Creating a used_set given run number, jobset, and process_name


Introduction

A used_set is a way of attaching a calibration(s) to a given CDF run number. Let us say you have your subdetector (the SVX) and somehow calculate 100 rows of calibrations to be put into the SiChipPed table. This doesn't really happen but suffices for example purposes. Now you want to run your offline physics analysis job and access these calibrations. But which runs are these calibrations valid for? In your analysis job you will iterate over runs and events. For a given run, a used_set for that run defines a list of calibrations valid for that run. (Note getting access to calibrations in the offline is a little more complicated than this involving the table PASSES etc).

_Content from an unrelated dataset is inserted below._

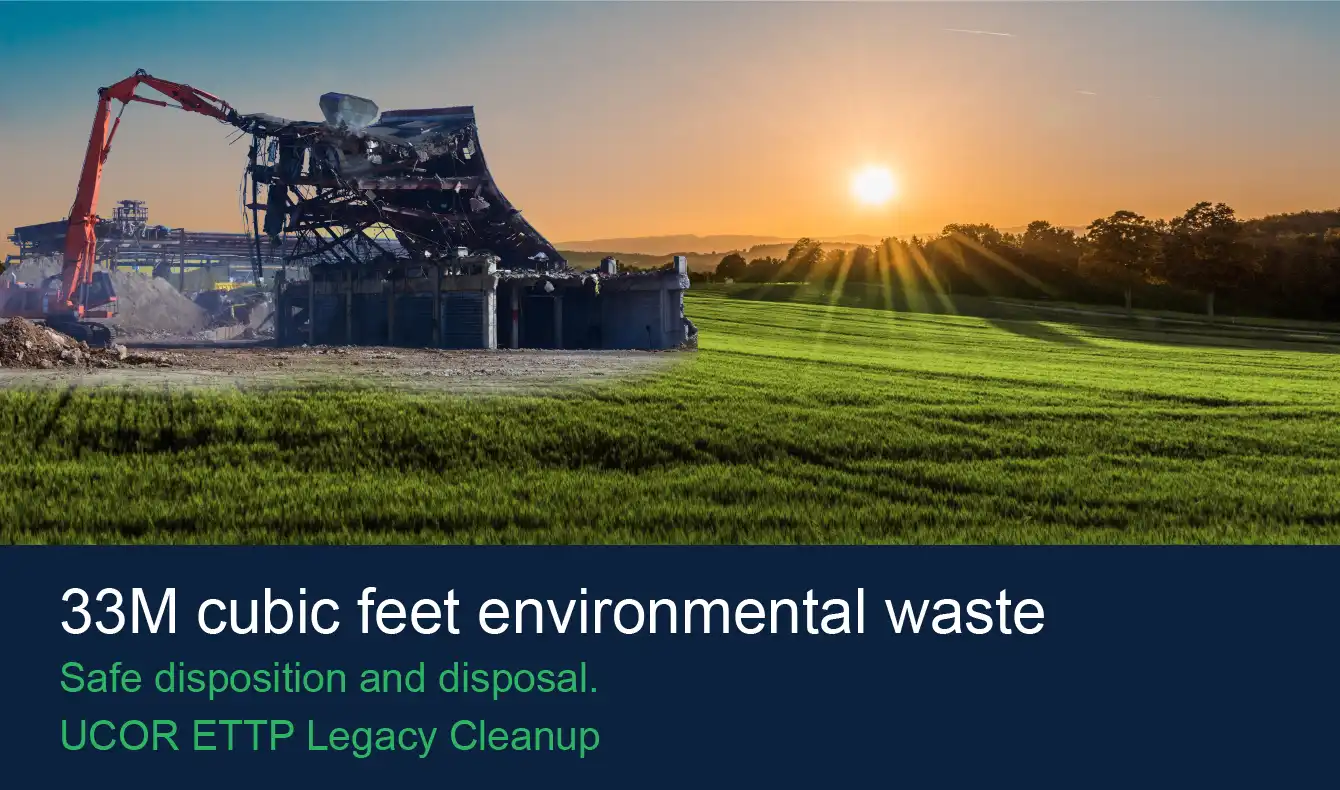 33M cubic feed environmental waste. Safe disposition and disposal. UCOR ETTP Legacy Cleanup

In the database, the concept of a used_set is basically realised by attaching a run_number to a valid_set. A valid_set in turn is a set of "valid" calibrations. It consists of a list of "CID" numbers where each CID refers to N rows in a given table.

Required inputs

The inputs you require to make the used_set are as follows:

The tool

There are actually several tools to make a used_set. You can use CalibDB/bin/DBSetMerge.cc, however, as its name might suggest, this does more than create a used_set, it also merges valid_sets. If all you want to do is create a used_set (or many used_sets) given a run (or runs), a  single jobset and a single process_name then it is recommended that you use:

CalibDB/bin/DBUsedSet_multi.cc

This is the name of the source code file in the cdf run2 software package called CalibDB. In order to use this, you must check out the package and build the binary executable. Do that like this:

source ~cdfsoft/cdf2.cshrc
setup cdfsoft2 development
newrel -t development calibdb_rel
cd calibdb_rel
addpkg -h CalibDB
gmake CalibDB.bin


This makes the binaries for a number of calibration utilities which will then be in the directory:

calibdb_rel/bin/LinuxBlahBlah/

Where LinuxBlahBlah is your "architecture" dir (there should only be one in the bin directory, probably something like: Linux2-GCC_3_3).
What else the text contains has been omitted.